Scientists unlock chemical processes behind argyria, silver-related skin condition

"It's the first conceptual model giving the whole picture of how one develops this condition," said Robert Hurt, professor of engineering at Brown and part of the research team. "What's interesting here is that the particles someone ingests aren't the particles that ultimately cause the disorder."

Scientists have known for years argyria had something to do with silver. The condition has been documented in people who (ill advisedly) drink antimicrobial health tonics containing silver nanoparticles and in people who have had extensive medical treatments involving silver. Tissue samples from patients showed silver particles actually lodged deep in the skin, but it wasn't clear how they got there.

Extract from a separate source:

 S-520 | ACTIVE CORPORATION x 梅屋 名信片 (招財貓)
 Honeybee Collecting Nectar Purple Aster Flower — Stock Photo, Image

As it turns out, argyria is caused by a complex series of chemical reactions, Hurt said. His paper on the subject, authored with Brown colleagues Jingyu Liu, Zhongying Wang, Frances Liu, and Agnes Kane, is published in the journal ACS Nano.

Hurt and his team show that nanosilver is broken down in the stomach, absorbed into the bloodstream as a salt and finally deposited in the skin, where exposure to light turns the salt back into elemental silver and creates the telltale bluish hue. That final stage, oddly, involves the same photochemical reaction used to develop black-and-white photographs.

From silver to salt and back again

Hurt and his team have been studying the environmental impact of silver, specifically silver nanoparticles, for years. They've found that nanosilver tends to corrode in acidic environments, giving off charged ions—silver salts—that can be toxic in large amounts. Hurt's graduate student, Jingyu Liu (now a postdoctoral fellow at the National Institute of Standards and Technology), thought those same toxic ions might also be produced when silver enters the body, and could play a role in argyria.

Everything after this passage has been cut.